# Indoor 3D on Screen.



## Bowtech531 (Apr 2, 2008)

I have shot the Techno Hunts before but it has been a very long time, I f I can remember they have both situations still and walking. It is really a good time, there is also another system that is called the Dart system. Can not really give you to much info on that one though.


----------



## pe3d (Feb 21, 2004)

I've shot that video stuff before. Great opportunity to practice drive by shooting. I can't think of a better way to screw up your archery game.


----------



## SDSURESHOT (Dec 5, 2005)

*dart system*

I shot it for league several yrs ago. I developed terrible target panic and began punching the trigger. If you are a competitive shooter I would not recommend it, unless you use a recurve. It took me a yr and a back tension release to get over those few weeks of league. Also, some require you to shoot less than 280 fps.:mg:


----------



## dcreighton (Jan 2, 2008)

It's just like shooting game while hunting where you have a limited window of opportunity and have to take a good shot when presented. Only thing is if you wait too long it gets to the end of the scenario and you lose the shot shot you feel pressured to shoot every time.

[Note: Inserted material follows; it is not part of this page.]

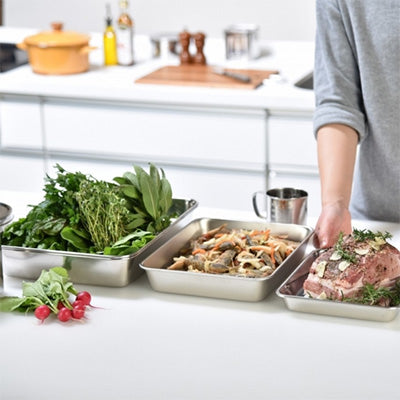 18-8 Stainless Steel Square Tray made in Japan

Executing the actual shot shouldn't be any different then any other time though IMO. I do it a couple times a year with hunting buddies and we enjoy it.


----------



## Sniper1 (Jun 27, 2007)

Use a large peep aperture, and a Rheostat light on tyour pin/pins.
The Dart has scoring on the targets very similar to where they are on IBO targets,but the Technohunt has them farther down and forward, in more realistic positions.
"Dart Leagues" are fun, and you get to shoot all the different Discs.
Here's a valuable hint. Don't shoot a animal with a foot or paw in the water. That's a "0", because they are "Seeking Refuge" or something. There, I just savd you a score. Try it on the bear who does it if you don't believe me.


----------



## treeman65 (Nov 24, 2005)

SDSURESHOT said:


> I shot it for league several yrs ago. I developed terrible target panic and began punching the trigger. If you are a competitive shooter I would not recommend it, unless you use a recurve. It took me a yr and a back tension release to get over those few weeks of league. Also, some require you to shoot less than 280 fps.:mg:


+1 the animals only stop for a second so I gets you in the frame of mind to snatch your release bad.


----------



## Tenpoint TL-7 (Jan 23, 2006)

*Dart System*

I use my new 100lb. crossbow and I like to shoot the screen. Me and my friend shoot it every Saturday and it does'nt affect my 3D shooting. I all ways punch the trigger even in 3D and I never had target panic.


----------



## vision archery (Dec 22, 2008)

I have shot the dart ststem and enjoyed it. Sometimes the animal stops sometimes it doesn't.


----------